Originally published December 20, 2012
On one of our current projects involving the absorption and analysis of a very large number of records, we have discovered that there are some common “failure” patterns in the source data that are somewhat predictable, albeit frustrating. These are not uncommon failures, and may be somewhat dependent on each other. For example, some of the records seem to have extra fields and values inserted in the middle of the record. In others, data values are misfielded, with value that should be in one column shifted to the next column. Other times, the field lengths are off, with some value sizes way exceeding what was presented in the metadata.
These are just a few examples, and they are actually very common. We have experienced the same or similar data mishaps numerous times. These examples shed some light on the process the data suppliers must have gone through in preparing the data for delivery to the data consumers. Perhaps the data extraction process changed in the middle, and different fields were being pulled. Perhaps there are instances of the field separator value inside string values that inadvertently create extra fields. Perhaps some field values are separated by quotation marks while other similar values are not. These are just a few of the scenarios that might have happened.
And none of these scenarios is relevant. First of all, by the time we have acquired the data, it is far removed from the original source. Second, we have no influence at all over the original source. The data extraction was performed for a particular operational purpose, and we are just analyzing the data for our own task that, much like so many analyses, is far removed from the original operational activity.

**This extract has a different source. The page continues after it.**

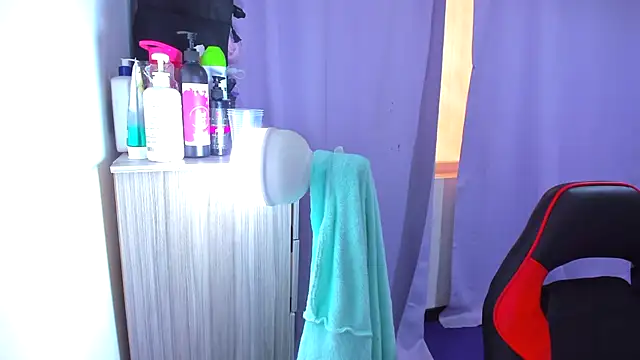 Luna Analya online show from April 28, 3:05 pm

The existence of flawed records in a small data set is sometimes addressable. If you have a well-defined process for data cleansing coupled with data stewards to review the changes, it may be possible to prepare the data for the analysis even in the presence of source data flaws. But what happens when the data set is huge? As an example, consider a data set with 5 billion records. If only one half of one percent of the records is known to be flawed, that amounts to 25,000,000 known bad records. Ten years ago most people would have considered that number of records itself to be a big data set, and today we can consider that just the noisy bad records. Actually, let’s ratchet that down again to 0.1% (one tenth of one percent) – that is still 5,000,000 presumably unusable records.